Dopo di lei, Martina ha raccontato della sua esperienza. “Che parla di un desiderio – spiega – che ha sempre dimorato nel mio cuore, e che per quanto fosse bramoso, in un certo periodo, l’ho divorato. Perché gli avevo dato il nome e la forma sbagliate”. Anche Martina ha cominciato a utilizzare droghe a quattordici anni, “perché mi sentivo sola e abbandonata o perché non trovavo un reale motivo per impegnarmi”. A tre anni e mezzo è andata a vivere in una comunità per problemi familiari, a quattordici si è trasferita dal padre. Si è poi ribellata, “a tutto e a tutti”. “Quando cresci in modo autoreferenziale devi attuare delle strategie per restare a galla di fronte alla tua inadeguatezza. Io avevo le sostanze, e una buona dose di presunzione”. Ma a diciannove anni Martina capì che aveva bisogno di sentirsi di nuovo a casa, ed è andata in comunità.

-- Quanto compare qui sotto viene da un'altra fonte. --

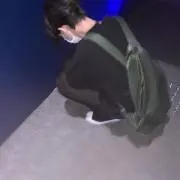 あだの画像
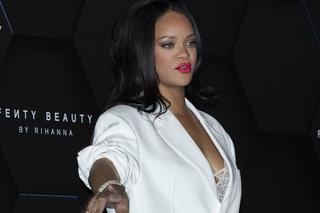Rihanna musi odłożyć plany macierzyńskie na później! Co jest teraz priorytetem?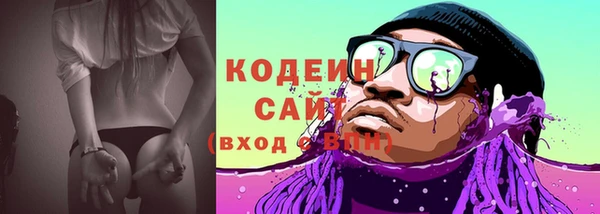 гидра Липки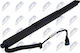 Bonnet Motor Rear Mini Mini Countryman 2016-0 2.0l Estate Mini Mini Countryman 2016-0 1.5l Estate
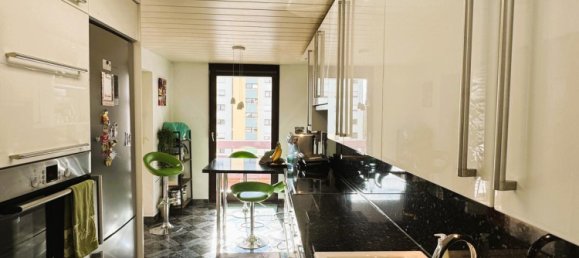 3 chambres Appartement à Heilbronn, Germany No. 242291 2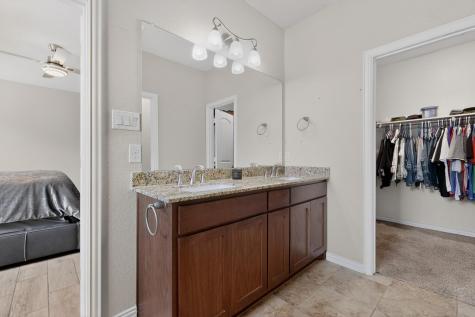73 River Oaks Boulevard Waxahachie TX 75165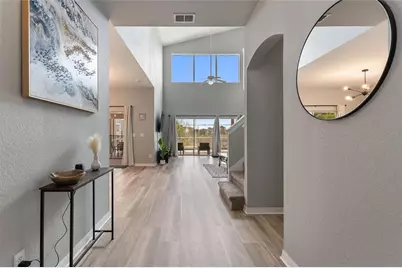 546 Windsor Place, Davenport, FL 33896 - Photo 29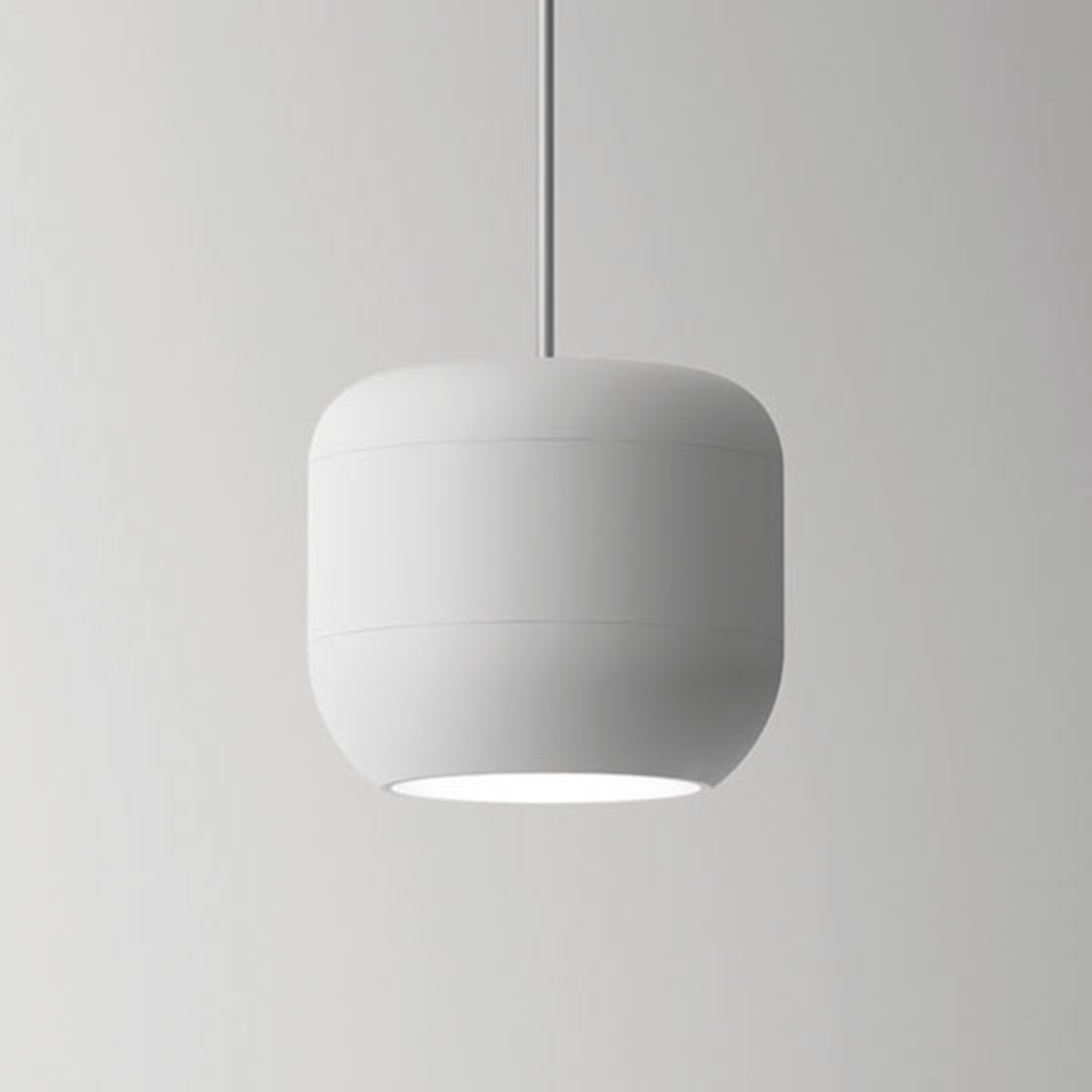 Axolight Urban LED-pendellampe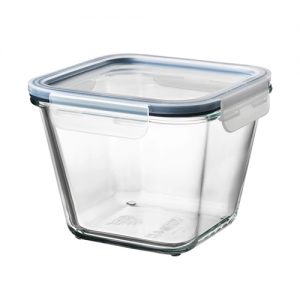 Buy Containers at M Baazar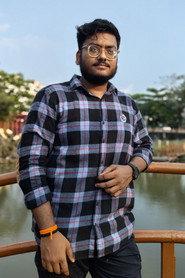 Jaidev Khan profile photo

“Ma all’Imprevisto è stato diverso. Avevo sempre pensato a casa come un luogo consolatorio e affettivo. Qui ho scoperto che casa è dove il cuore riposa, e non ti viene tolta tutta la fatica che porti, ma viene guardata e portata insieme. E finalmente puoi essere tutta la piccolezza che sei, sentendoti comunque grande”. Lì Martina ha fatto l’esperienza di venire “privata di tutte le maschere”, così è scappata più di una volta. “Non è stato facile accettare la verità più profonda di me stessa, ma soprattutto accettare che io posso realmente conoscermi solo attraverso gli occhi di qualcun altro. Grazia, la responsabile, fa sempre un esempio che rende bene l’idea: io sto parlando, ma siete voi che mi date un volto. Ho sempre creduto che ognuno dovesse farcela da solo, con il proprio sforzo. Questo per me era essere forti e liberi”. Ma oggi, ha raccontato Martina, “ho sperimentato per la prima volta cosa significasse la libertà. Poter scegliere di vivere oltre i miei limiti ed insufficienze, consapevole che ci sono ma che sono il trampolino di lancio, la conferma che il mio essere limitata è proprio il presupposto per cercare cose grandi. Ho scoperto che siamo tutti sulla stessa strada e che abbiamo lo stesso compito: essere felici”. E “la gioia oggi, per me, è proprio quello da cui sono sempre fuggita: un rapporto”.

“Il tema della nostra vita è il cuore, il desiderio, il compimento, la felicità possibile, un imprevisto che accade e prende la vita rendendola finalmente umana”, ha concluso Elena Mazzola. “Le nostre ragazze hanno storie durissime, nei particolari straziante e disumane. Quindi su di noi hanno un vantaggio: a loro difficilmente basterebbero dei discorsi. Hanno il cuore troppo messo a nudo, troppo sveglio. Per loro, quello che corrisponde al cuore deve essere reale. Deve essere incarnato, incontrabile, in una persona e in altri uomini”. Nel lavoro educativo, ha continuato Mazzola, “cerchiamo di accompagnare le ragazze ad essere indipendenti, autonome, adulte e responsabili, sapendo benissimo che essere adulti non significa essere indipendenti, e per questo siamo i primi che facciamo il lavoro della vita. Ci educhiamo, siamo comunità in cui cerchiamo tutti insieme di imparare il mistero che siamo, che ognuno di noi è. A scoprirlo e conoscerlo, togliendoci i sandali davanti al mistero immenso e sacro che è ognuno. Insieme impariamo ad essere non indipendenti, ma dipendenti, e che la nostra natura è l’essere un bisogno e un rapporto. Che è la nostra gioia”.